What is the pub of the future?
Generation Z prefer juice bars to pub crawls and rank quality home-time over beer-fuelled nights out. They are far more likely to open a tab on a web browser than at a bar. This good, clean sense of fun is seemingly at odds with the traditional, no frills British pub culture – but it doesn’t have to be this way.
Once upon a time, if you wanted a non-alcoholic drink in a pub there was little to tempt you on the menu. Lime and soda or orange juice were pretty much the only options. That, or perhaps a badly made mocktail served in a pint glass, full of sickly sweet juice and frou-frou umbrellas, and charged at triple the price of a shandy.
The pub of the future is no longer the stomping ground of lad culture, tribalistic football fans and underage binge drinkers but rather a meeting place for like-minded young people debating topics that are most important to them over a cup of iced coffee. So how do we shift the drinks menu without losing the comfort and warmth of the quintessential, traditional British pub?
With over 50% of Generation Z saying they would like to see pubs offer more interesting nonalcoholic drinks, I set about creating a series of delicious mocktails using Nescafé Azera Nitro Coffee.
The Coffee Colada…
- 1 x Nescafé Azera Nitro Americano
- 80ml light coconut milk
- a pinch saffron
- 1 tsp maple syrup
Soak the saffron in 2 teaspoons of boiling water. Add all the ingredients to a blender with a handful of ice. Blitz until mixed and the ice is crushed. Serve with a dusting of cinnamon.
The Mocoffeeto…
- 1 x Nescafé Azera Nitro Americano
- 1 lime, juice of
- 1 tsp caster sugar
- 2 sprigs of fresh mint ginger ale
Shake the coffee, lime, sugar and mint with ice. Strain into a long glass over ice and top with ginger ale and a sprig of fresh mint.
The Red Velvet…
- 1 x Nescafé Azera Nitro Americano
- 6 raspberries
- 2 tsp of grenadine syrup
- 1/4 tsp of chilli powder
- soda water
Shake coffee, raspberries, grenadine syrup and chilli powder with ice. Strain into a long glass over ice and top with soda water and some fresh raspberries.

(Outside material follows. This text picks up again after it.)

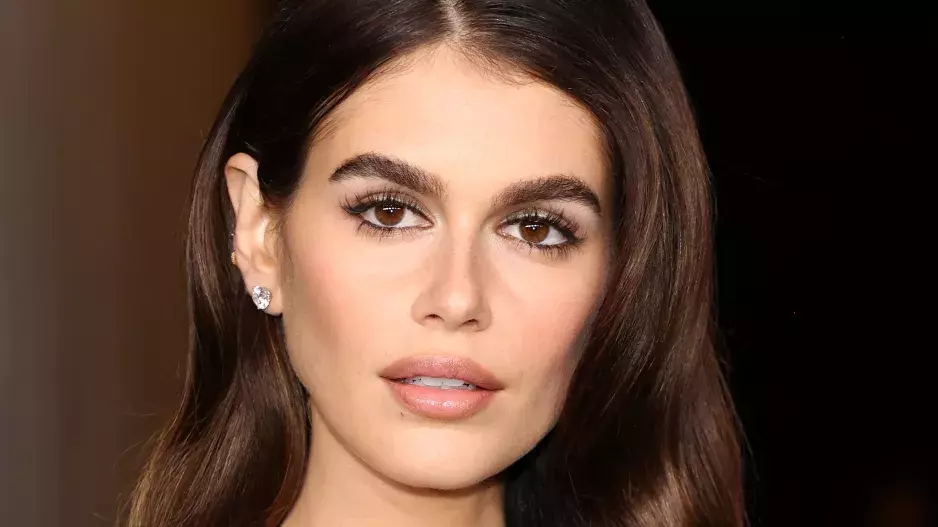 Podzimní balayage Podzimní balayage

What else do I see changing with the pub of the future?
Generation Z is made up of people who are incredibly mindful of sustainability, buy into purpose more than brand and lean towards a healthier lifestyle, for them as well as the planet. This is seemingly at odds with the values of the traditional British pub, where comfort, value for money and old fashioned camaraderie are king – but it doesn’t have to be this way. The pub of the future retains the warmth and conviviality of the pub, but ensures it cares for the environment and its own ethics at the same time.

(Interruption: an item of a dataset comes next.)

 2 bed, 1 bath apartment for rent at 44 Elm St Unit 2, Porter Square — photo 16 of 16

The pub of the future doesn’t reinvent the wheel, it just makes the wheel more carefully.
We don’t want to lose the classic pub grub, we just want it to be a little grubbier – grown on site, organically and ethically and picked fresh, in all its soil-covered glory, so that everything on the menu is as delicious as it is conscientious. The beer garden will also function as the kitchen garden, growing key produce for the chef to integrate into our pub favourites.

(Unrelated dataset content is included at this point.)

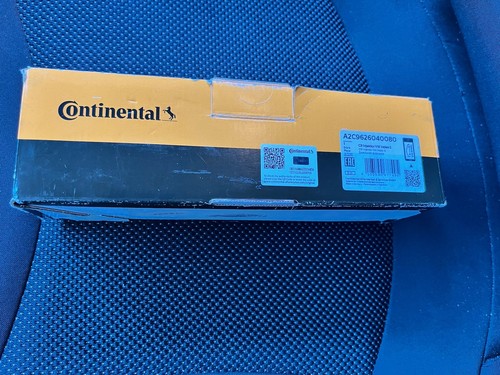 Continental diesel fuel - diesel,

Tech will also become a huge focus of the pub of the future. With Wifi being an undisputed essential, alongside charging points, mobile ordering, app payments and online entertainment. The pub quiz will no longer be a disc jockey in an elaborate blazer signing off your answers, instead digital responses will ensure that the honourable ‘quizzard’ is crowned fairly.
The way I see it, the pub of the future is a place of imaginative beverages, delicious sustainable food and high tech entertainment but underneath all of that, I firmly believe it will perform the same functions it always has: bringing people together to discuss the things that matter, natter about the things that don’t and spend time with those they love the most.